Sa condamnation à mort pour "terrorisme", "sédition", "désobéissance au
souverain" et "port d'armes" a été annoncée le 15 octobre 2014 par un
tribunal de Riyad. Dans un entretien téléphonique avec l'Agence
France-Presse, son frère Mohammed al-Nimr l'avait décrit comme "un homme
religieux, humble, qui menait une vie simple qui le rendait attractif
auprès des jeunes". Il a affirmé que son exécution "provoquera(it) la
colère des jeunes" chiites en Arabie saoudite, appelant toutefois à des
"manifestations pacifiques".
Détenu à plusieurs reprises
Selon lui, après le retour de son frère d'Iran en 1994, Nimr était
devenu un "faqih", juriste théologien de l'islam, et jouissait d'une
"position spéciale et distinguée" auprès des chiites en Arabie saoudite.
C'est dans la mosquée Imam Hussein à Awamiya, son village natal, qu'il
tenait ses prêches du vendredi, très politiquement engagés, a-t-il
poursuivi. C'est également dans ce village chiite du royaume que les
attaques et manifestations contre la police sont courantes.
Il a par ailleurs été un court instant détenu à plusieurs reprises entre
2003 et 2008 pour avoir réclamé la remise en liberté d'activistes,
davantage de droits pour la communauté chiite, dont le droit des
enseignants à exercer dans les écoles, selon son site officiel
www.sknemer.com qui est géré par sa famille. Mais c'est en 2009 qu'il a
commencé à énerver sérieusement les autorités en appelant à une
sécession de l'est de l'Arabie saoudite, une région majoritairement
chiite, et de sa fusion avec le royaume proche de Bahreïn.

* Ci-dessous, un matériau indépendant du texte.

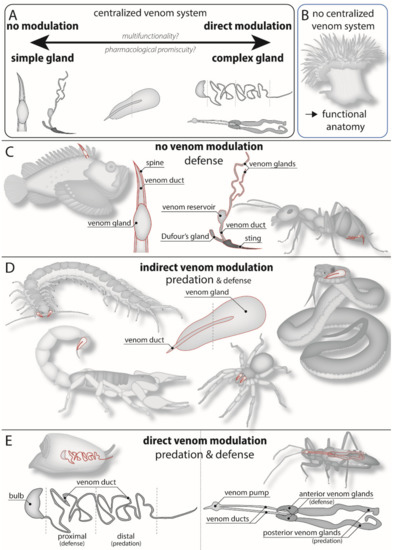 Comparative analysis of intestinal bacteria among venom secretion and  non-secrection snakes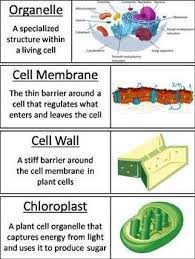 Process by which specific organisms (including all plants) use the sun's energy to make their own food from carbon dioxide and water; Plant And Animal Cell Organelles And Function Word Wall Cards By Science Spot In 2021 Plant And Animal Cells Cell Organelles Word Wall Cards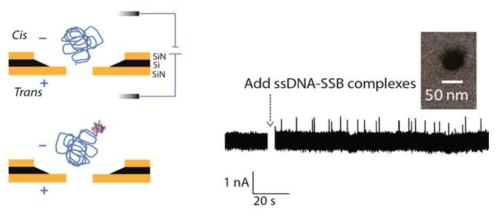 ssDNA와 ssDNA-protein 의 모식도와 이의 실시간 이온전류 측정신호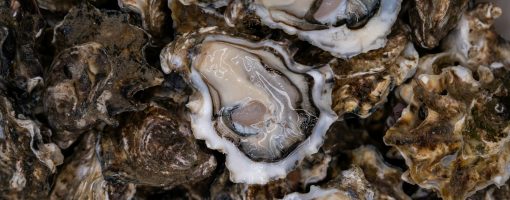 Seasonal and climate-related variations in norovirus and PMMoV detection in Vietnamese oysters
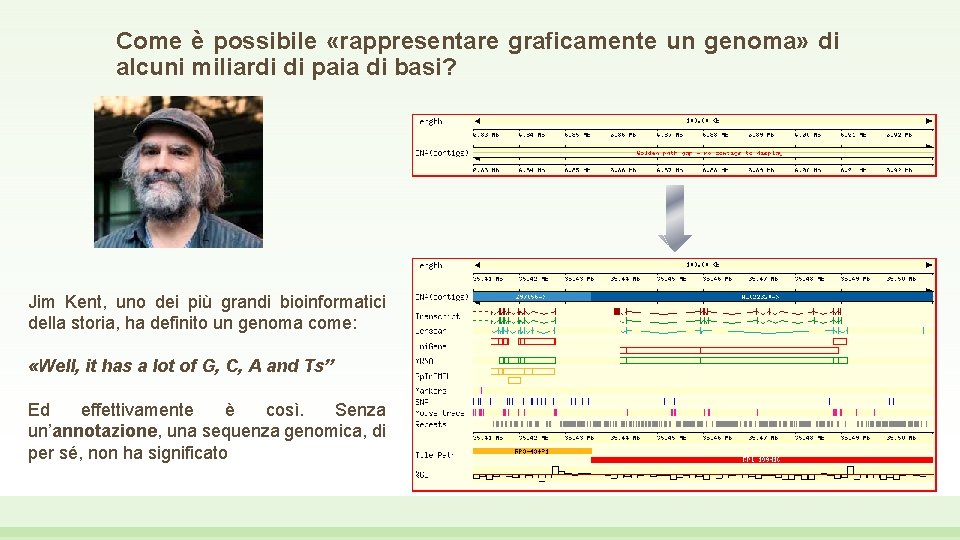 Come è possibile «rappresentare graficamente un genoma» di alcuni miliardi di paia di basi?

"Une vengeance personnelle"
Dans un discours en novembre 2011, à la suite de la mort de quatre
chiites dans la province orientale, le cheikh Nimr avait appelé à "la
remise en liberté de tous les détenus au cours de manifestations et de
tous les prisonniers de conscience, sunnites et chiites". Au cours des
funérailles d'un des manifestants de l'époque, il avait assuré : "Nous
sommes déterminés à réclamer nos droits légitimes par des moyens
pacifiques."
Mais, en 2012, une vidéo circulant sur les réseaux sociaux montre Nimr
se réjouissant de la mort du ministre de l'Intérieur de l'époque, le
prince héritier Nayef. "Que les vers le mangent", disait-il, critiquant
également les dynasties sunnites régnantes en Arabie saoudite et au
Bahreïn où les autorités ont écrasé en 2011, avec l'aide des troupes
saoudiennes, un mouvement de protestation animé par la majorité chiite.
Père de quatre enfants
Le fils de Nayef, Mohammad ben Nayef, est devenu prince héritier l'an
dernier. "Il est regrettable que le verdict (de sa mise à mort) prenne
davantage des allures de vengeance personnelle" plutôt qu'elle ne soit
basée sur une preuve criminelle, a affirmé à l'Agence France-Presse le
frère du leader chiite exécuté. Nimr "a prononcé des mots qui peuvent
être durs, mais il était le porte-parole d'une opinion. Il aurait pu
être tenu politiquement responsable", mais pas exécuté, a ajouté le
frère.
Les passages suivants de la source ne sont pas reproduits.